HOW TO COMPLETE THIS TASK:
Pick out and copy every line below that has the word "with".

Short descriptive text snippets
_ _ _
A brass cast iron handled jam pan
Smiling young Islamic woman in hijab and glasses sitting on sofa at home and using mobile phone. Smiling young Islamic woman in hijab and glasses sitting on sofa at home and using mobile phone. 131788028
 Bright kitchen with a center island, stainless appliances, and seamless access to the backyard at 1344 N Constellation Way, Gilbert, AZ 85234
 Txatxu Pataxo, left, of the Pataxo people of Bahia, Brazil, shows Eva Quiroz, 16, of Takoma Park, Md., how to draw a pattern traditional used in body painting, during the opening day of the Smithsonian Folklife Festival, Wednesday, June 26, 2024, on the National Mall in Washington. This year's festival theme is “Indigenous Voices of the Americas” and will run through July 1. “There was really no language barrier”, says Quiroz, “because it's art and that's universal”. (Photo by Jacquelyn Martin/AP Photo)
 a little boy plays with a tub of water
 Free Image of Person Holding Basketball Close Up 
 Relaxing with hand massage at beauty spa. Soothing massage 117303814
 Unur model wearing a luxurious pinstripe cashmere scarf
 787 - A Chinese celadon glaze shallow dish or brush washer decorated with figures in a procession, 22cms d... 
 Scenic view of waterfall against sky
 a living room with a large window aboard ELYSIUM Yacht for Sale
_ _ _
SOLUTION:
 Bright kitchen with a center island, stainless appliances, and seamless access to the backyard at 1344 N Constellation Way, Gilbert, AZ 85234
 a little boy plays with a tub of water
 Relaxing with hand massage at beauty spa. Soothing massage 117303814
 787 - A Chinese celadon glaze shallow dish or brush washer decorated with figures in a procession, 22cms d... 
 a living room with a large window aboard ELYSIUM Yacht for Sale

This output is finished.